O pertencimento desses povos em lugares privilegiados e institucionalizados não acontece. Muitos não conseguem ter suas falas legitimadas pelo processo estrutural e racista de como o Brasil foi construído. A tentativa de extermínio que aconteceu na era colonial, ainda acontece atualmente quando os povos originários são invisibilizados.
Nosso sangue é da mesma cor
Para quem imagina que o silenciamento de indígenas é um capítulo passado da era colonial, vale a pena lembrar que em dois anos do desgoverno Bolsonaro, de 2019 a 2020, foram assassinados 296 indígenas. A perpetuação da violência, dos abusos e do silenciamento é evidente diariamente.
O sangue derramado dos indígenas é da mesma cor do sangue dos outros povos e pede justiça. A cor da pele e características físicas, que antes eram fatores utilizados para identificar a condição de escravo, passaram a ser também usadas para estigmatizar e marcar a inferioridade social.
Falar sobre todo o processo de miscigenação, embranquecimento, colorismo e identidade é entender como o Brasil caminha a passos de tartaruga para compreender os impactos e analisar o processo pigmentocrático. Análise essa que precisa ser feita com o fim de desarticular os nós e correntes para dar voz e visibilidade aos povos originários, os quais precisam ser protagonistas das suas próprias histórias, mostrando sua narrativa. O ideal seria que esse texto tivesse sido escrito por um indígena, alguém com propriedade para falar sobre o assunto.

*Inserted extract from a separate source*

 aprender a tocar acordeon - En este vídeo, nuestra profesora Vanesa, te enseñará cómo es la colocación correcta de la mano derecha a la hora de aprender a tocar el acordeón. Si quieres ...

Porém, para que isso ocorra, o combate ao preconceito, a supervalorização e a hierarquização das raças precisa ser enfrentado de forma severa pelo Estado por meio da educação e de políticas afirmativas, com o intuito de desenvolver a inserção dos povos originários em lugares privilegiados de poder e fala, além de ambientes institucionalizados.